Jane Birkin was flying from London to Paris in 1981 when she reached into her bag for her datebook and everything fell out. “I’d love a bag with pockets,” the English singer/actress told her seatmate.

Her seatmate just happened to the chairman of Hermès. He was a good listener. He had his designers make a bag with pockets, and he sent one to Birkin. Then he named it after her.

And then the fun began.

Everything at Hermès  is expensive. Like: a scarf at $725. Or a leather shoulder bag at $6,500. The datebook Jane Birkin used? It now costs $1,025.

The Birkin bag, however, was in another league. Not only was it expensive, you couldn’t get one. Why? Oh, because each bag required 48 hours of craftsmanship. You know: "This isn’t a bag, it’s a work of art."

Demand soon outstripped supply.

Well, not really. But that was the marketing line. And a genius one at that. Create a luxury item so special it doesn’t need a logo. Then make it scarce. Very scarce — at one point, Hermès announced there was a two-year waiting list. Which only made the Birkin more desirable. Like this, from the New York Post, Christmas 2010:

Beyoncé got some sweet gifts yesterday. Her husband, Jay-Z, was spotted shopping at Hermes’ plush Madison Avenue boutique on Christmas Eve. A spy reports, "Jay was in a private room of Hermes doing last-minute shopping. He had a guard standing watch outside. He spent $350,000 on Birkin bags, among other things." The buying binge took so long, Jay-Z missed his scheduled lunch at Nello, prompting the restaurateur to deliver his food to the store.

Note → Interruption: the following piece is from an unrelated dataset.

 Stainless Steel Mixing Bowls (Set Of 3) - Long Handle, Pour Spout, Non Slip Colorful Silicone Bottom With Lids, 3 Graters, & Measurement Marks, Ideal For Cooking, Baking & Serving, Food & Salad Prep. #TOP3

Michael Tonello is a delightful writer, and “Bringing Home the Birkin: My Life in Hot Pursuit of the World’s Most Coveted Handbag” is drop-dead funny and enjoyable. (To buy the paperback from Amazon, click here. For the Kindle edition, click here.)

Tonello’s outrageous story as a Birkin buyer — and reseller, or, as he liked to think of himself, “leather liason” — began with him living on Cape Cod and jetting off to exotic destinations for fashion shoots “with a can of hairspray and a powder puff.” He gets an assignment in Barcelona. He falls in love with the city. And moves there.

Money, how to make it. He took one of his scarves — purchased years earlier for $99 at Ralph Lauren — and sold it on eBay for $430. He sold a Truman Capote first edition for $1,000. He saw the excitement on an eBay board for Hermès scarves, so he sold one of his for a $400 profit.

And then a curious thing happened — women who bought scarves wrote to ask him if he had more. He went to Hermès in Barcelona, bought two dozen and sold them for a “sizable” profit. He discovered that these scarves cost $30 less at the Hermès store in Andorra, so he made the two-hour drive and bought the first of a thousand scarves he’d purchase there.

Soon he was selling 30 scarves a week.

All because he saw a niche in the market.

All because Hermès didn’t yet have a web site.

Inevitably, one of his customers — who just happened to be songwriter Carole Bayer Sager — asked if he could get her a Birkin. He had no idea what that was, but once he found out, he was a bag-seeking missile.

In 5 years, Tonello spent about $1.5 million on Birkins. He made much more.

How Tonello cracked the code and was able to buy Birkins from Hermès is the centerpiece of the book — but there’s much more going on here than a retail story. He’s a hilarious writer, if, that is, you are amused by the foibles of the rich and those who cater to them. And he is unexpectedly tender — if, that is, you can be touched by Tonello’s burgeoning friendships with the women who became his best customers. It is even thrilling — if, that is, your heart rate jumps when a French colleague tries to rip Tonello off and Tonello must Take Steps.

The Birkin story, post-COVID, is different. They’re not hard to get. And when you get one, you don’t use it — you put it away, because a Birkin is a better investment than the stock market. The book, happily, ends years ago, when people made fools of themselves for this bag, and people like us gave this book to fashion-minded friends. With a smirk.